He sat within the halo of yellow light shed by two tallow candles, whose sconces were two empty bottles, and contemptuously he eyed the youth in black, standing with white face and quivering lip in a corner of the mean chamber. Then he laughed again, and in a hoarse voice, sorely suggestive of the bottle, he broke into song.
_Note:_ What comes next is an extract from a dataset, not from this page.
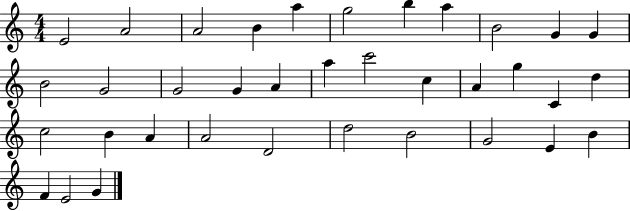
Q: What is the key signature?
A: C major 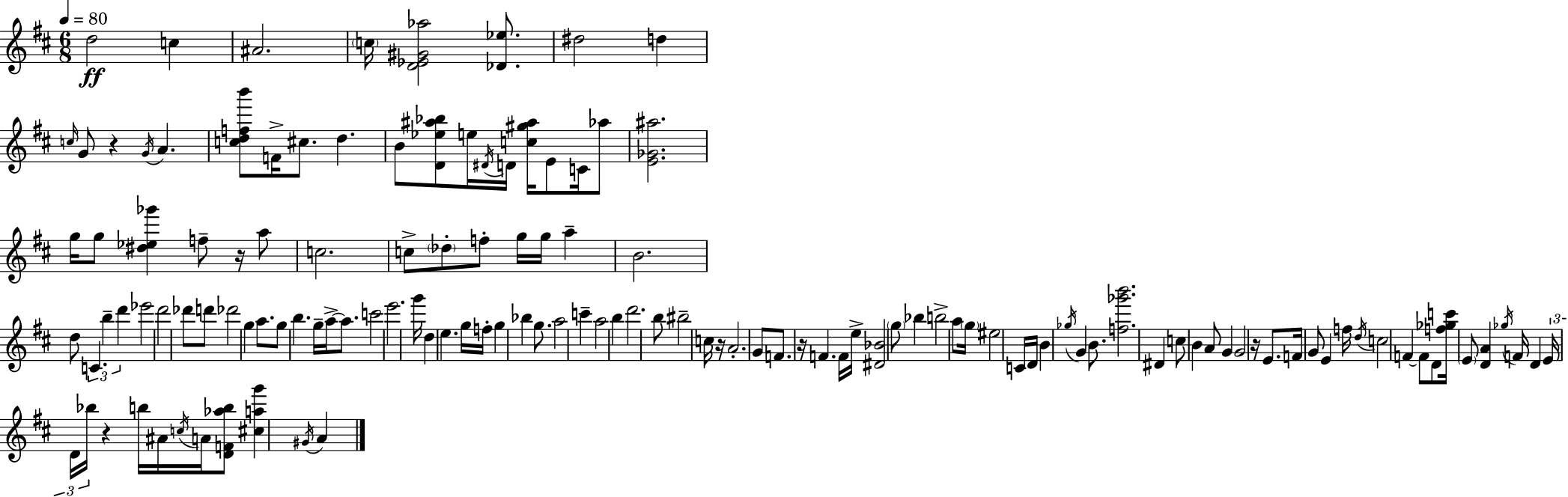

He lay back in his chair, his long, spare legs outstretched, his spurs jingling to the lilt of his ditty whose burden ran:
His passionate kiss burns, still-O!
For 'tis April time, and of love and wine
Youth's way is to take its fill-O!
Down, down, derry-do!
So his cup he drains and he shakes his reins,
And rides his rake-helly way-O!
She was sweet to woo and most comely, too,
But that was all yesterday-O!
Down, down, derry-do!
The lad started forward with something akin to a shiver.
"Have done," he cried, in a voice of loathing, "or, if croak you must, choose a ditty less foul!"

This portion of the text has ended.